**Data entries**
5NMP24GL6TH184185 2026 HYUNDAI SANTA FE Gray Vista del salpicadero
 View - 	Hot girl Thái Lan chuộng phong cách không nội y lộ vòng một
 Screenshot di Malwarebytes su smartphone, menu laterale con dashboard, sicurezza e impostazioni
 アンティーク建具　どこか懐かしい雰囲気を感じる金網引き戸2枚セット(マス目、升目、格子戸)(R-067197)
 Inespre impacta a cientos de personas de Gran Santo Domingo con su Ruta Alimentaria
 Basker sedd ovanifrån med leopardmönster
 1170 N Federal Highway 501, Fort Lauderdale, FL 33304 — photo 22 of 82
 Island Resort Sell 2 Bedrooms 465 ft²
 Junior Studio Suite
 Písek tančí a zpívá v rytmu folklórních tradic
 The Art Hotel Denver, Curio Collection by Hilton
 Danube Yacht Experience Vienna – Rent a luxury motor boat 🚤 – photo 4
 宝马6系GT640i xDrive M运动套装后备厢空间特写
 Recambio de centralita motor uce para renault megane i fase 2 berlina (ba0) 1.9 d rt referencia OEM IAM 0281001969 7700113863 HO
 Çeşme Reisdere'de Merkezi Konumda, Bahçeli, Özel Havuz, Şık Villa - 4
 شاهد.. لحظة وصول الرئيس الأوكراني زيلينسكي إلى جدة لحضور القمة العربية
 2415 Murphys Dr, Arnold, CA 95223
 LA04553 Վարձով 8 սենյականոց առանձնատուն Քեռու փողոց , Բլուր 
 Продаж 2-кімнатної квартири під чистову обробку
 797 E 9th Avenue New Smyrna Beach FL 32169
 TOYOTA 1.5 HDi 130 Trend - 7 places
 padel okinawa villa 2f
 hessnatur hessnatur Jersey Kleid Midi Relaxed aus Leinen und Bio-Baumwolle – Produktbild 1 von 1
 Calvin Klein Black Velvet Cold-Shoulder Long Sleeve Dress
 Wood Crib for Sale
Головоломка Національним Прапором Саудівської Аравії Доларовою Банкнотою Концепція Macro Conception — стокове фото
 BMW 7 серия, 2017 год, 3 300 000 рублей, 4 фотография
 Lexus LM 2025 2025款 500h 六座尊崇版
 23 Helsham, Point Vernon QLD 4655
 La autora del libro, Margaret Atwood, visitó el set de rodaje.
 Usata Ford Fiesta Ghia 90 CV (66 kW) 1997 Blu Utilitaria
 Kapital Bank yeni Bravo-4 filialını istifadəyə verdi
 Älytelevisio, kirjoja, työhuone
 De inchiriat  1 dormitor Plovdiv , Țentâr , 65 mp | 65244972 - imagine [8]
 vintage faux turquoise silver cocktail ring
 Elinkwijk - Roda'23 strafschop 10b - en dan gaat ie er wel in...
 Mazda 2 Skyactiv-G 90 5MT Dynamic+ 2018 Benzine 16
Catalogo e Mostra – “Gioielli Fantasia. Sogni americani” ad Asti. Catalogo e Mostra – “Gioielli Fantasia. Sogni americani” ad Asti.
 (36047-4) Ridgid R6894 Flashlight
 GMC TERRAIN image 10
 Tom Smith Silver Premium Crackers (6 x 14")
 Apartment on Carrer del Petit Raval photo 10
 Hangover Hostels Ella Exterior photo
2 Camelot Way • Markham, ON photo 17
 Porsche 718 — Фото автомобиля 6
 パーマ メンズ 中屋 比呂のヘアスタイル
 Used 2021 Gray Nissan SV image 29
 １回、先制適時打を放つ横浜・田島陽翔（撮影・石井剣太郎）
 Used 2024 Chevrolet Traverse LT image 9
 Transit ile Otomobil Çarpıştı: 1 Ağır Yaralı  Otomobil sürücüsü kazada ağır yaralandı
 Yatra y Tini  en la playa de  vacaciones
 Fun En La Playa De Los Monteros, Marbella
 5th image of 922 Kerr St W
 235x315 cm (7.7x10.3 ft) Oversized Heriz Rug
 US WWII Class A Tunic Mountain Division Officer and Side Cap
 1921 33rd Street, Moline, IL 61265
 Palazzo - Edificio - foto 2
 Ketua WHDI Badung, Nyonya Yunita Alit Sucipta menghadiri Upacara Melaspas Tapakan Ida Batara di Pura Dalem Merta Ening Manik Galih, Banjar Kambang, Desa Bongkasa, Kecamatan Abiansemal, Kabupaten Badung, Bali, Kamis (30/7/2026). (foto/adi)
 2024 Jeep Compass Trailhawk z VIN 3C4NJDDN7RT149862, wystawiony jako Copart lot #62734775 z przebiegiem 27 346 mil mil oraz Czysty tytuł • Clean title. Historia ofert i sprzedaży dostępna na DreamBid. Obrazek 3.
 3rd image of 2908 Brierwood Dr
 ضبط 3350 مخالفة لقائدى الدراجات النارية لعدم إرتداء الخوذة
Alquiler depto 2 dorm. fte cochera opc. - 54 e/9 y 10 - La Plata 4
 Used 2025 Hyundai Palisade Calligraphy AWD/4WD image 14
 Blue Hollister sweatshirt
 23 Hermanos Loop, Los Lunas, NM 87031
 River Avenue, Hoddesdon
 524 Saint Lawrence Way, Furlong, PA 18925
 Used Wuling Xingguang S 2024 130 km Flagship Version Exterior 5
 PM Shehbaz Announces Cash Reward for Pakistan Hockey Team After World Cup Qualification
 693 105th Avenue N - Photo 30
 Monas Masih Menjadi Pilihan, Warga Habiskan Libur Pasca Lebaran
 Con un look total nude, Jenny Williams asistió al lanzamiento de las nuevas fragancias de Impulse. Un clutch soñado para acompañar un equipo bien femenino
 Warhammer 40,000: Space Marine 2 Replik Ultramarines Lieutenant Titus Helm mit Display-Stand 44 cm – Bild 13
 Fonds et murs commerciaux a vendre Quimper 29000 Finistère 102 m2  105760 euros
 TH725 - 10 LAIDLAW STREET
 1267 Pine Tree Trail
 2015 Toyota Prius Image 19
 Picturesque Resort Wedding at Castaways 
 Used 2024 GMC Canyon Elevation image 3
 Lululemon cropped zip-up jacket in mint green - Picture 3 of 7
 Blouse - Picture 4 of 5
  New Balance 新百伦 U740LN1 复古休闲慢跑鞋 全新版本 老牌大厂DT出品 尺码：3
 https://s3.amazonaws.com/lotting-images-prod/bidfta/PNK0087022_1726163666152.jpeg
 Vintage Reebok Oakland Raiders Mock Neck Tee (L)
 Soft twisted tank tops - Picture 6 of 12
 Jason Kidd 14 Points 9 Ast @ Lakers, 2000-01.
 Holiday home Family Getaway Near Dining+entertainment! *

**PROBLEM DESCRIPTION**
Every record should be given again without alteration.

**TASK RESPONSE**
5NMP24GL6TH184185 2026 HYUNDAI SANTA FE Gray Vista del salpicadero
 View - 	Hot girl Thái Lan chuộng phong cách không nội y lộ vòng một
 Screenshot di Malwarebytes su smartphone, menu laterale con dashboard, sicurezza e impostazioni
 アンティーク建具　どこか懐かしい雰囲気を感じる金網引き戸2枚セット(マス目、升目、格子戸)(R-067197)
 Inespre impacta a cientos de personas de Gran Santo Domingo con su Ruta Alimentaria
 Basker sedd ovanifrån med leopardmönster
 1170 N Federal Highway 501, Fort Lauderdale, FL 33304 — photo 22 of 82
 Island Resort Sell 2 Bedrooms 465 ft²
 Junior Studio Suite
 Písek tančí a zpívá v rytmu folklórních tradic
 The Art Hotel Denver, Curio Collection by Hilton
 Danube Yacht Experience Vienna – Rent a luxury motor boat 🚤 – photo 4
 宝马6系GT640i xDrive M运动套装后备厢空间特写
 Recambio de centralita motor uce para renault megane i fase 2 berlina (ba0) 1.9 d rt referencia OEM IAM 0281001969 7700113863 HO
 Çeşme Reisdere'de Merkezi Konumda, Bahçeli, Özel Havuz, Şık Villa - 4
 شاهد.. لحظة وصول الرئيس الأوكراني زيلينسكي إلى جدة لحضور القمة العربية
 2415 Murphys Dr, Arnold, CA 95223
 LA04553 Վարձով 8 սենյականոց առանձնատուն Քեռու փողոց , Բլուր 
 Продаж 2-кімнатної квартири під чистову обробку
 797 E 9th Avenue New Smyrna Beach FL 32169
 TOYOTA 1.5 HDi 130 Trend - 7 places
 padel okinawa villa 2f
 hessnatur hessnatur Jersey Kleid Midi Relaxed aus Leinen und Bio-Baumwolle – Produktbild 1 von 1
 Calvin Klein Black Velvet Cold-Shoulder Long Sleeve Dress
 Wood Crib for Sale
Головоломка Національним Прапором Саудівської Аравії Доларовою Банкнотою Концепція Macro Conception — стокове фото
 BMW 7 серия, 2017 год, 3 300 000 рублей, 4 фотография
 Lexus LM 2025 2025款 500h 六座尊崇版
 23 Helsham, Point Vernon QLD 4655
 La autora del libro, Margaret Atwood, visitó el set de rodaje.
 Usata Ford Fiesta Ghia 90 CV (66 kW) 1997 Blu Utilitaria
 Kapital Bank yeni Bravo-4 filialını istifadəyə verdi
 Älytelevisio, kirjoja, työhuone
 De inchiriat  1 dormitor Plovdiv , Țentâr , 65 mp | 65244972 - imagine [8]
 vintage faux turquoise silver cocktail ring
 Elinkwijk - Roda'23 strafschop 10b - en dan gaat ie er wel in...
 Mazda 2 Skyactiv-G 90 5MT Dynamic+ 2018 Benzine 16
Catalogo e Mostra – “Gioielli Fantasia. Sogni americani” ad Asti. Catalogo e Mostra – “Gioielli Fantasia. Sogni americani” ad Asti.
 (36047-4) Ridgid R6894 Flashlight
 GMC TERRAIN image 10
 Tom Smith Silver Premium Crackers (6 x 14")
 Apartment on Carrer del Petit Raval photo 10
 Hangover Hostels Ella Exterior photo
2 Camelot Way • Markham, ON photo 17
 Porsche 718 — Фото автомобиля 6
 パーマ メンズ 中屋 比呂のヘアスタイル
 Used 2021 Gray Nissan SV image 29
 １回、先制適時打を放つ横浜・田島陽翔（撮影・石井剣太郎）
 Used 2024 Chevrolet Traverse LT image 9
 Transit ile Otomobil Çarpıştı: 1 Ağır Yaralı  Otomobil sürücüsü kazada ağır yaralandı
 Yatra y Tini  en la playa de  vacaciones
 Fun En La Playa De Los Monteros, Marbella
 5th image of 922 Kerr St W
 235x315 cm (7.7x10.3 ft) Oversized Heriz Rug
 US WWII Class A Tunic Mountain Division Officer and Side Cap
 1921 33rd Street, Moline, IL 61265
 Palazzo - Edificio - foto 2
 Ketua WHDI Badung, Nyonya Yunita Alit Sucipta menghadiri Upacara Melaspas Tapakan Ida Batara di Pura Dalem Merta Ening Manik Galih, Banjar Kambang, Desa Bongkasa, Kecamatan Abiansemal, Kabupaten Badung, Bali, Kamis (30/7/2026). (foto/adi)
 2024 Jeep Compass Trailhawk z VIN 3C4NJDDN7RT149862, wystawiony jako Copart lot #62734775 z przebiegiem 27 346 mil mil oraz Czysty tytuł • Clean title. Historia ofert i sprzedaży dostępna na DreamBid. Obrazek 3.
 3rd image of 2908 Brierwood Dr
 ضبط 3350 مخالفة لقائدى الدراجات النارية لعدم إرتداء الخوذة
Alquiler depto 2 dorm. fte cochera opc. - 54 e/9 y 10 - La Plata 4
 Used 2025 Hyundai Palisade Calligraphy AWD/4WD image 14
 Blue Hollister sweatshirt
 23 Hermanos Loop, Los Lunas, NM 87031
 River Avenue, Hoddesdon
 524 Saint Lawrence Way, Furlong, PA 18925
 Used Wuling Xingguang S 2024 130 km Flagship Version Exterior 5
 PM Shehbaz Announces Cash Reward for Pakistan Hockey Team After World Cup Qualification
 693 105th Avenue N - Photo 30
 Monas Masih Menjadi Pilihan, Warga Habiskan Libur Pasca Lebaran
 Con un look total nude, Jenny Williams asistió al lanzamiento de las nuevas fragancias de Impulse. Un clutch soñado para acompañar un equipo bien femenino
 Warhammer 40,000: Space Marine 2 Replik Ultramarines Lieutenant Titus Helm mit Display-Stand 44 cm – Bild 13
 Fonds et murs commerciaux a vendre Quimper 29000 Finistère 102 m2  105760 euros
 TH725 - 10 LAIDLAW STREET
 1267 Pine Tree Trail
 2015 Toyota Prius Image 19
 Picturesque Resort Wedding at Castaways 
 Used 2024 GMC Canyon Elevation image 3
 Lululemon cropped zip-up jacket in mint green - Picture 3 of 7
 Blouse - Picture 4 of 5
  New Balance 新百伦 U740LN1 复古休闲慢跑鞋 全新版本 老牌大厂DT出品 尺码：3
 https://s3.amazonaws.com/lotting-images-prod/bidfta/PNK0087022_1726163666152.jpeg
 Vintage Reebok Oakland Raiders Mock Neck Tee (L)
 Soft twisted tank tops - Picture 6 of 12
 Jason Kidd 14 Points 9 Ast @ Lakers, 2000-01.
 Holiday home Family Getaway Near Dining+entertainment! *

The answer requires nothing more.